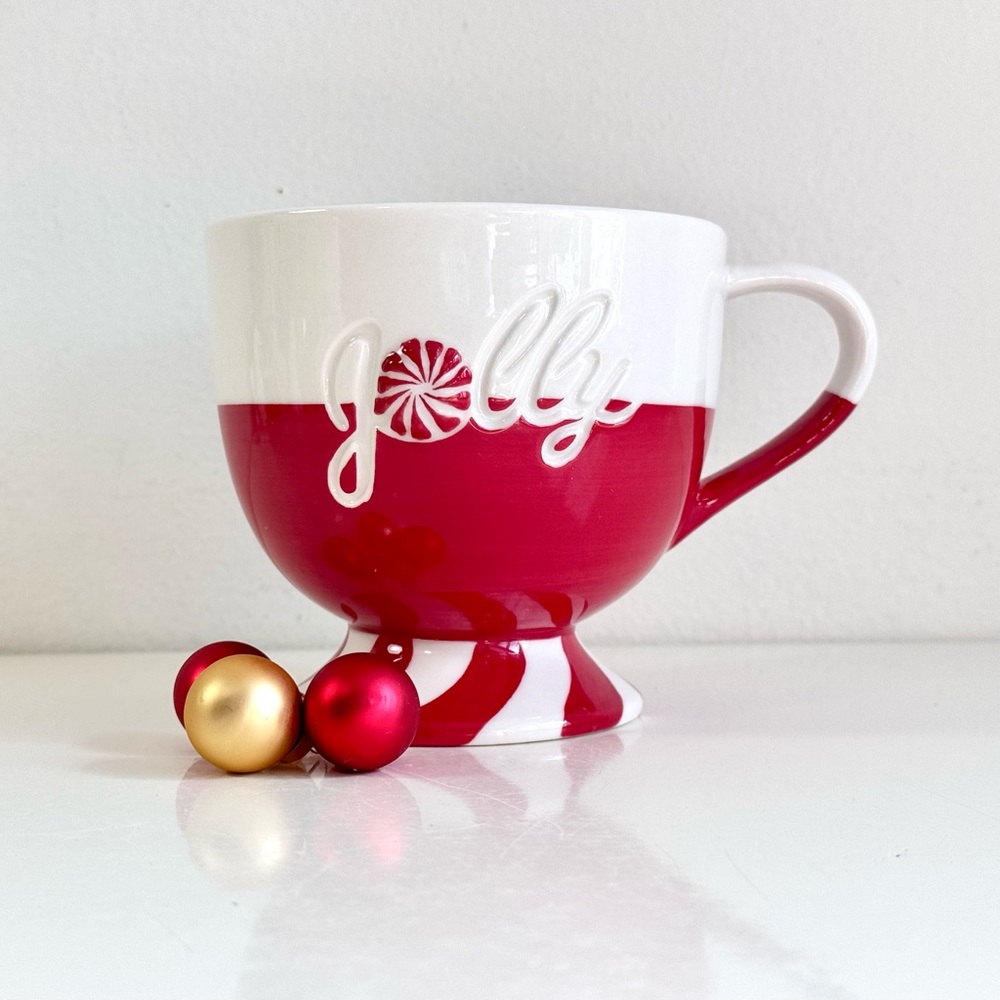 Starbucks "Jolly" Red and White Footed Holiday Mug ~ 2007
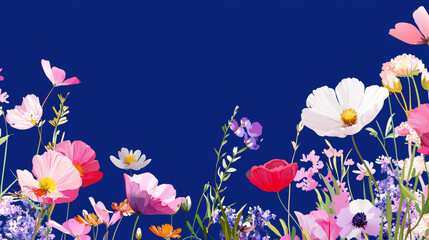 Cosmetic blooming flowers in shades of pink, yellow, white, and purple, set against a starry night sky, creating a whimsical and peaceful spring garden scene with lively, colorful blooms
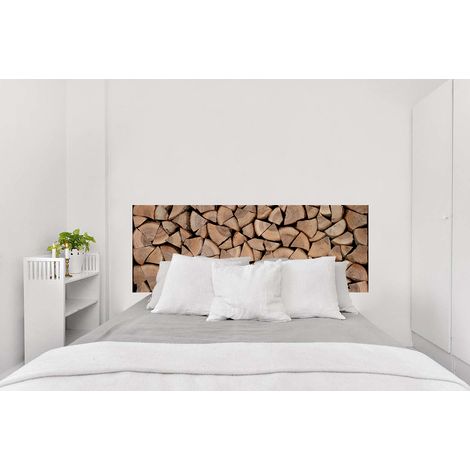 Sticker mural tête de lit réaliste, photo buche, 83x160cm, décoration murale originale (1/4)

* _Activity_:
Except for the pictures, copy the material above exactly.

* _Task solution_:
 Starbucks "Jolly" Red and White Footed Holiday Mug ~ 2007
 Cosmetic blooming flowers in shades of pink, yellow, white, and purple, set against a starry night sky, creating a whimsical and peaceful spring garden scene with lively, colorful blooms
 Sticker mural tête de lit réaliste, photo buche, 83x160cm, décoration murale originale (1/4)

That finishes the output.